L’album s’ouvre ainsi sur Too High, une critique de l’usage de drogue et se ferme sur He’s Misstra Know-It-All, une pique destinée au cher président Nixon. Living for the City est peut être la pièce centrale du disque : en plus de sept minutes, Stevie Wonder livre l’histoire d’une jeune homme noir débarquant à New York à la recherche d’une meilleure vie. Dans un déluge de synthétiseurs analogiques, le chanteur afro-américain livre une odyssée d’une parfaite justesse avec un pont géniale (les bruits de ville) et cette reprise fabuleuse où le chanteur s’époumone en suivant les désillusions de son personnage.

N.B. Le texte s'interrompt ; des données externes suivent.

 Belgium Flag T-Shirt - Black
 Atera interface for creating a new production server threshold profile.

L’appétence de Stevie Wonder pour toute sorte de musique conduit à un syncrétisme unique dont il est le seul dépositaire. Le chanteur concasse absolument tout ce qui lui passe dans les oreilles. En effet, comment définir cette musique qui sort du crâne de Stevie Wonder ? Soul, funk, R&B, bien sûr. Mais aussi jazz (rock, funk), musique latine, brésilienne, voir progressive. Il prend absolument tout et le transforme en une entité singulière grâce à une écriture très particulière. Les qualités de compositions de Stevie Wonder ont un raffinement rare. Il suffit d’écouter la sublime Golden Lady pour se saisir de la beauté des chansons de l’Afro-américain. Emprunt à des gammes parallèles, modulation de tonalité, Golden Lady est sur le fil, sur le point de se casser la gueule à chaque instant mais toujours rattrapée par ce sens de la mélodie. Il rend cohérent ce qui semble si étrange sur le papier et si naturel dans les faits. Comme chez les plus grands dont il fait partie (McCartney, Wilson, Bacharach), Stevie Wonder a ce sens de la fluidité et de l’élégance. Innervisions n’a peut être pas de tubes de la portée de Superstition, mais possède un Higher Ground qui s’en rapproche ainsi que l’excellente Don’t You Worry ‘Bout a Thing. Cette dernière convoque de solides influences latines. Elles glissent paisiblement dans le flux d’Innervisions. Disque d’une qualité très homogène, varié dans son propos et ses influences, novateur dans le son, le troisième album de la période classique de Stevie Wonder est une magnifique porte d’entrée à un des plus grands musiciens de pop du vingtième siècle.